## Your task
Once you find the line with "Nike Vintage Style" in the entries below, print it and each line after it up to and including the line with "Our fearless leader", exactly, without pictures.

## Dataset
__________

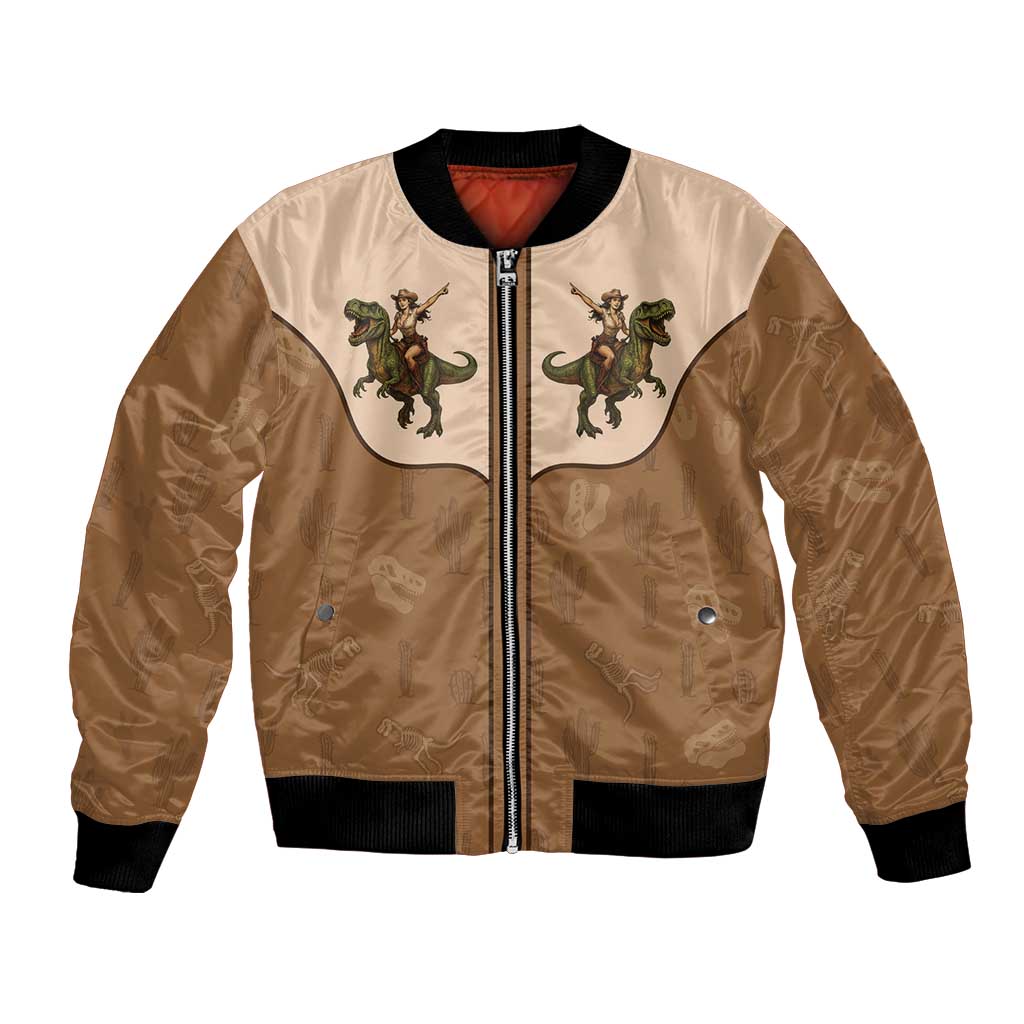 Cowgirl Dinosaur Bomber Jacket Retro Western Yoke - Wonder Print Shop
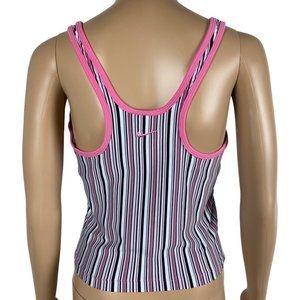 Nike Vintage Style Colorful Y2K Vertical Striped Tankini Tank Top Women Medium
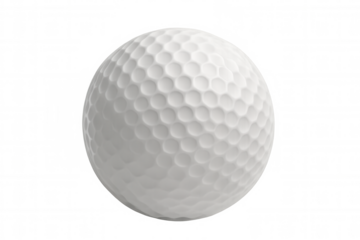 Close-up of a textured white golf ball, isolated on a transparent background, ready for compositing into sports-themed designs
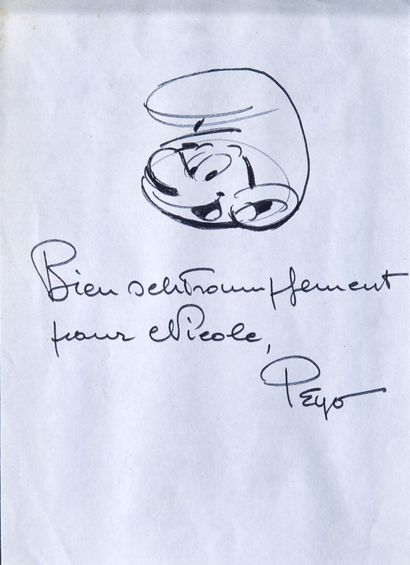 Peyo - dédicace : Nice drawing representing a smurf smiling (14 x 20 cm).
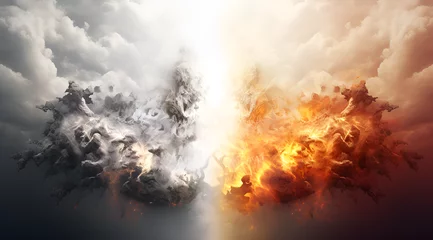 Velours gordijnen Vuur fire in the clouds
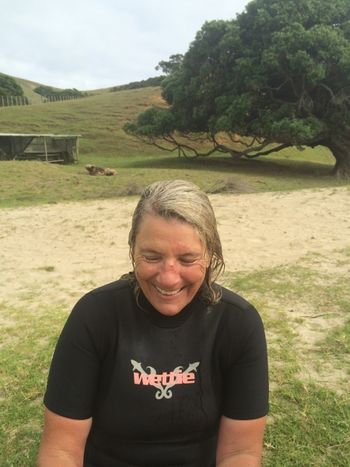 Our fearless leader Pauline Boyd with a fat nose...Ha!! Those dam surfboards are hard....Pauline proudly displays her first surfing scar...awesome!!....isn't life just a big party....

__________

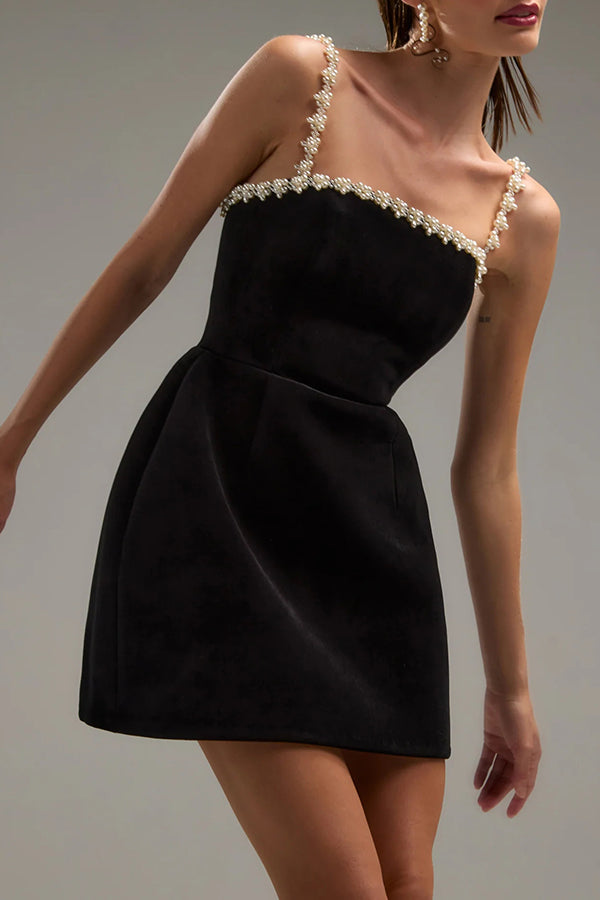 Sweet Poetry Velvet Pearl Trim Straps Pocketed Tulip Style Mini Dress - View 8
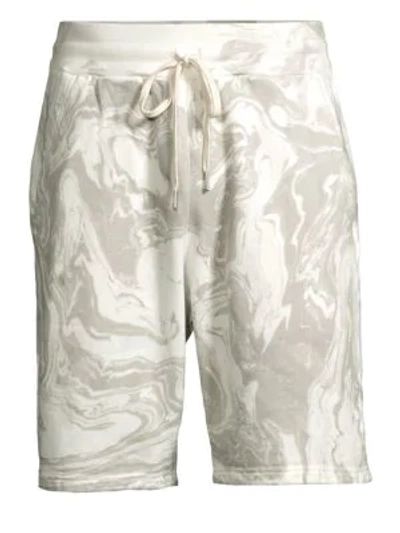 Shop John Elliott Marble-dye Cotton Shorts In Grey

__________

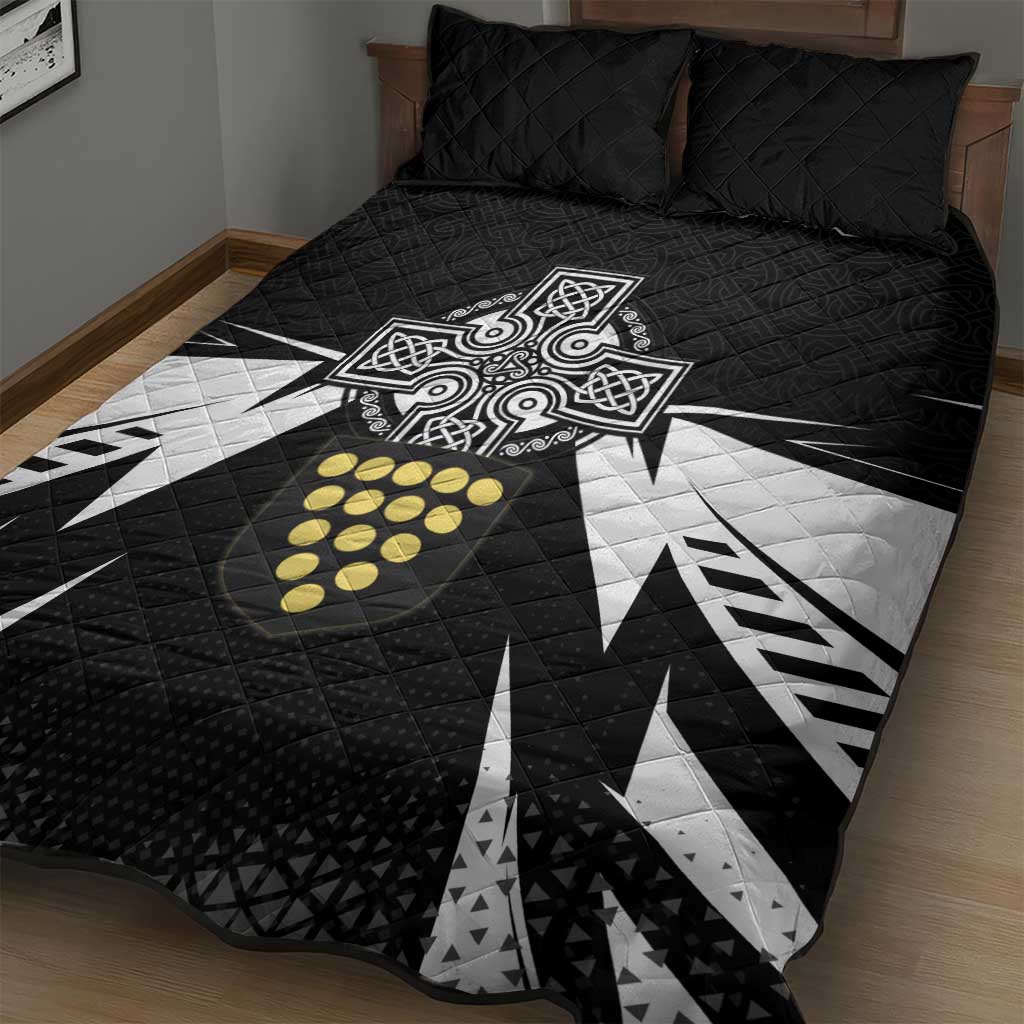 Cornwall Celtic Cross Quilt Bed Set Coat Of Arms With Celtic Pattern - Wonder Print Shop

__________

## Result of the exercise
 Nike Vintage Style Colorful Y2K Vertical Striped Tankini Tank Top Women Medium
 Close-up of a textured white golf ball, isolated on a transparent background, ready for compositing into sports-themed designs
 Peyo - dédicace : Nice drawing representing a smurf smiling (14 x 20 cm).
 Velours gordijnen Vuur fire in the clouds
 Our fearless leader Pauline Boyd with a fat nose...Ha!! Those dam surfboards are hard....Pauline proudly displays her first surfing scar...awesome!!....isn't life just a big party....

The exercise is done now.